We pitched camp at a sunny meadow, then wandered around and clambered up to Pt 3554 (Zoe’s first summit!). From here we had 360-degree views of the surrounding rolling terrain and cloudscapes. Rainshowers wisped down from puffy whitey-gray clouds and swept some summits to lift a wonderful earthy-pine fragrance into the breeze. Along the way to Pt 3554 are many, many charred remains of very recent lightning strikes. Some are burnt trunks still standing upright, some are long black lines laying on the ground, some are circles of charred pine needles on the ground, and some are gaping black holes where giant taproots now consumed by the fire once grasped the earth. Most were isolated burns, but one was a continuous burn about 3 or 4 acres in size. We came across one live ponderosa that had fallen and was still burning, slowly. The flames are deep inside the trunk, slowly eating the tree. It could take weeks to burn, unless it snuffs out when it gets deep enough and loses oxygen (the bark isn’t burning as fast as the heart). Now for my favorite part of any trip to eastern Washington: the locals. A holiday family reunion was being had at the trailhead, and when Frank, Zoe and I returned to his rig from our night out, three older male reunion refugees strolled up to us like curious cows. They had been camping with their families for 2 full days and were ready for sumpin’ different to do. That’s where we came in handy. Because of their leisurely stride and their slow, easy speech, Frank and I pretty much figured we were in for the long haul. So we gladly put the tailgate down, took a long draw off the soda bottles we had stashed in an ice chest, leaned back on the rig, and settled in. Sure enough, we chatted with these wonderful men and their elderly pop for more than an hour. The father had helped to build Grand Coulee and Rocky Reach Dams, and had also been on the blasting crew for the tunnel underneath Snow Lakes (Enchantments). His sons were clearly proud of their dad, as evidenced by their encouraging remarks to his stories. A wonderful time was had by all.

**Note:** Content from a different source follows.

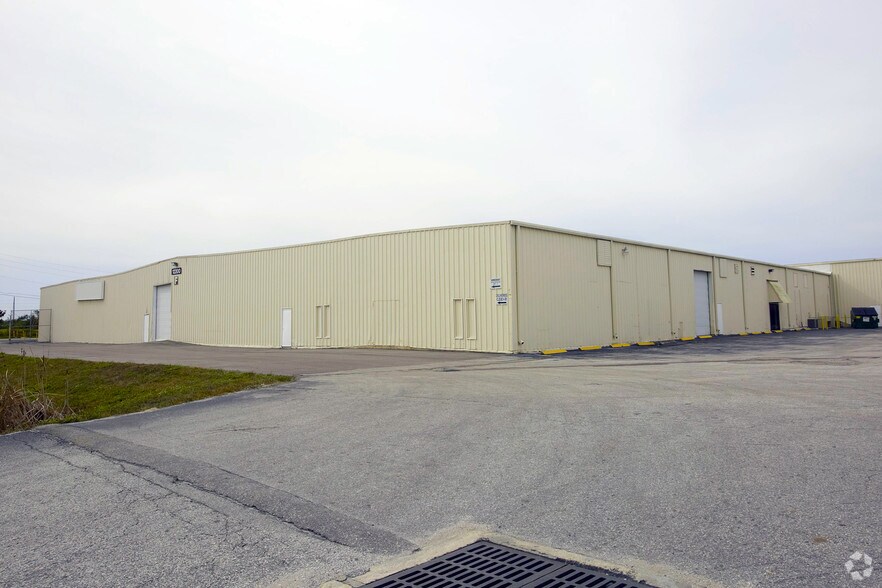 More Photos Of 12200 34th St N, Clearwater Warehouse For Lease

If you go: Take water with you! There is no river access from the trail, and none available until you get to Cougar Creek where the trail crosses Road 2054. Luckily you don’t have to go far to find wonderful views and places to pitch camp. Please disperse any evidence of your camp like those before you had done. The ranger indicated this is cougar country. We saw none, probably because they moved away from the very recent lightning strikes near our camp (but we did see a moose wandering the streets in the town of Republic!). Return via the ($free) Keller Ferry for an additional taste sweeping central/eastern Washington views.